I am using xml files obatined from
https://eco2mix.rte-france.com/curves/getDonneesMarche?&dateDeb=31/12/2020&dateFin=24/02/2021&mode=NORM&_=1648578231712 (called WEEKS1) and https://eco2mix.rte-france.com/curves/getDonneesMarche?&dateDeb=04/12/2021&dateFin=31/12/2021&mode=NORM&_=1648650611995 (called WEEKS7) y downloaded the files and save them in my local folder.
Using these files I want to extract some information. More specifically a time series, so I use the following code:
library(XML)
library(methods)
library(purrr)
list.filenames<-list.files(pattern = "\\.xml")
France2022<-lapply(list.filenames, function(file) #Reading files in my local repo
xmlParse(file)
)
France2022<-map(France2022, xmlRoot)
Here I wanted to used an apply in my object France2022 for getting my data:
lapply(6:61, function(root)
xmlToDataFrame(France2022[[2]][[root]][[7]])) # the second list is associated with WEEKS7
but the following error appears:
Error in (function (classes, fdef, mtable) : unable to find an inherited method for function ‘xmlToDataFrame’ for signature ‘"NULL", "missing", "missing", "missing", "missing"’

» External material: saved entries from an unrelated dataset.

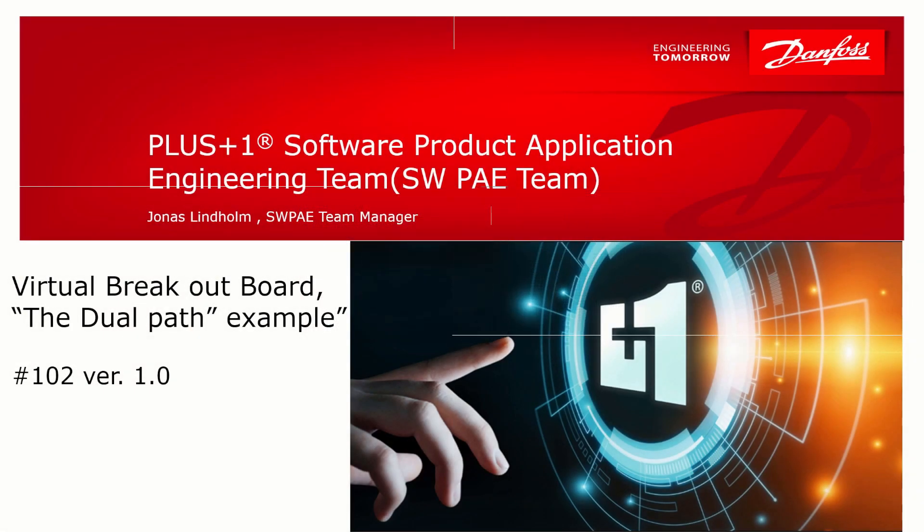Hi and welcome to the Software PE team. I'm Jonas Lindholm and in this video I will tell you about the functionality Virtual Breakout Board that was introduced in PLUS+1 Guide 2022.3.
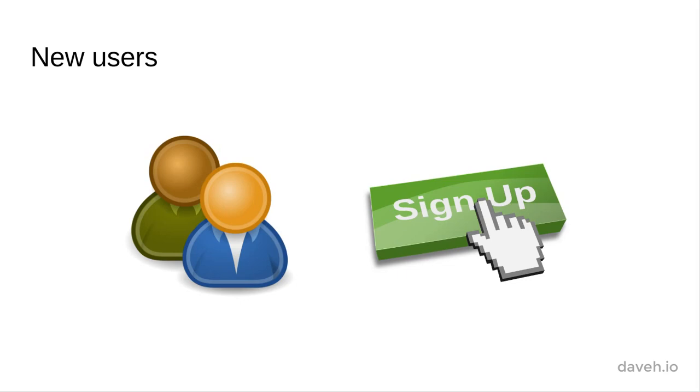The first thing we need to do is let visitors to our site register or sign up. They can't log in until they've created an account.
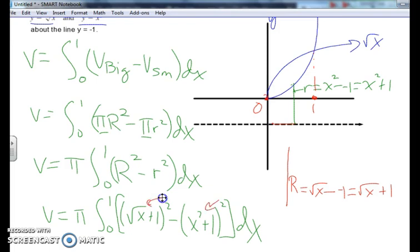That's the idea of finding the volume using a disk, or in this case a washer, where a hole is created between the axis of revolution and the curve. If you have any more questions, we'll talk about it in class.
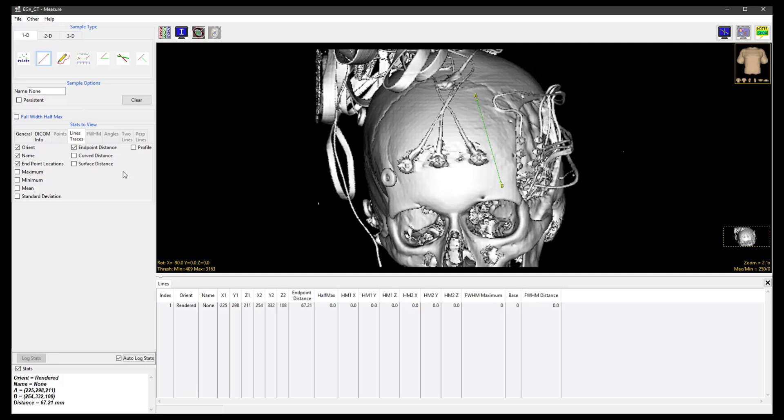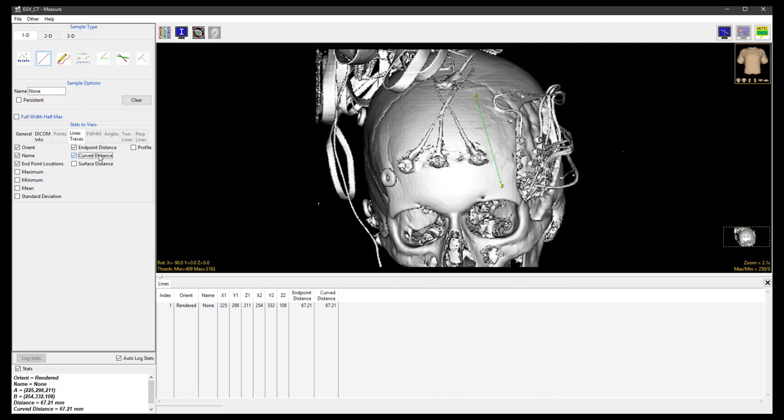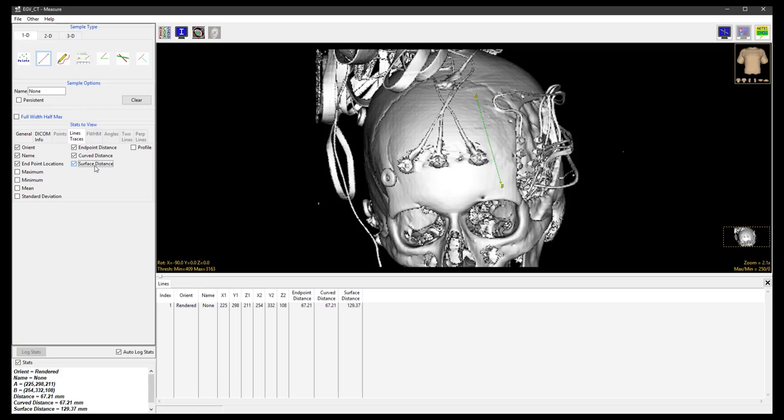Now check the Curve Distance and Surface Distance checkboxes in the Stats to View Lines Traces panel. No curved line has been defined here so the Endpoint Distance and Curve Distance are the same, but the Surface Distance, which is the defined line projected onto the surface of the rendering, is a larger distance as would be expected.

In this point I notice that one of this file has a problem. I do not know what is happening because both files have the same structure. I also tried to read the file using the ´https´ direction, but I have the same error:
F7<-read_xml("https://eco2mix.rte-france.com/curves/getDonneesMarche?&dateDeb=08/10/2021&dateFin=03/12/2021&mode=NORM&_=1648650611994")
F7<-xmlParse(F7)
lapply(6:61, function(root)
xmlToDataFrame(F7[[root]][[7]]))
CodePudding user response:
You could do the following:
require(tidyverse)
require(xml2)
dat <- read_xml("https://eco2mix.rte-france.com/curves/getDonneesMarche?&dateDeb=31/12/2020&dateFin=24/02/2021&mode=NORM&_=1648578231712")
dat %>%
xml_find_first("//donneesMarche") %>%
as_list() %>%
tibble::as_tibble(.name_repair = "unique") %>%
map_df(map_chr, simplify)
Resulting in
# A tibble: 11 × 24
valeur...1 valeur...2 valeur...3 valeur...4 valeur...5 valeur...6 valeur...7
<chr> <chr> <chr> <chr> <chr> <chr> <chr>
1 43.74 38.01 36.75 33.06 31.67 34 40.44
2 43.36 39.78 37.27 34.09 33.29 35.86 42.83
3 ND ND ND ND ND ND ND
4 38.54 35 32.13 29.24 31.67 34 33.85
5 40.09 35.79 33.37 30.27 31.67 34 35.65
6 42.11 37.03 35.25 31.82 31.67 34 36.99
7 42.11 37.03 35.25 31.82 31.67 34 38.32
8 72.36 72.32 68.96 60.24 57.77 54.69 55.69
9 42.11 35.79 33.37 30.27 31.67 34 38.32
10 44.6 44.1 47 41.97 31.67 34 55
11 42.11 37.03 35.25 31.82 31.67 34 36.99
# … with 17 more variables: valeur...8 <chr>, valeur...9 <chr>,
# valeur...10 <chr>, valeur...11 <chr>, valeur...12 <chr>, valeur...13 <chr>,
# valeur...14 <chr>, valeur...15 <chr>, valeur...16 <chr>, valeur...17 <chr>,
# valeur...18 <chr>, valeur...19 <chr>, valeur...20 <chr>, valeur...21 <chr>,
# valeur...22 <chr>, valeur...23 <chr>, valeur...24 <chr>
Note that the third Element has ND as Value.
Thats why its characters instead of double columns.
I do leave the tidying to you.
CodePudding user response:
I could find a solution reading the files with read_xml and using unnest
Names<-c("BE", "CH", "DE", "DL", "AT", "ES", "FR", "GB", "IT", "NL", "PT")
list.filenames<-list.files(pattern = "\\.xml")
France2022<-lapply(list.filenames, function(file) #Reading files
read_xml(file)
)
France_data<-map(France2022, ~as_list(.)%>%
tibble::as.tibble()%>%
unnest_longer("liste")%>%
unnest_wider("liste")%>%
unnest(cols = names(.))%>%
unnest(cols = names(.))%>%
select(-c(1))%>%
drop_na()%>%
mutate_all(as.numeric)%>%
mutate(Area=rep_len(Names, length.out=n()))
)%>%
enframe%>% # convert list to tibble
unnest(value)
I am not sure why the error message appeared, apparently the files do not have errors and are defined as XML objects.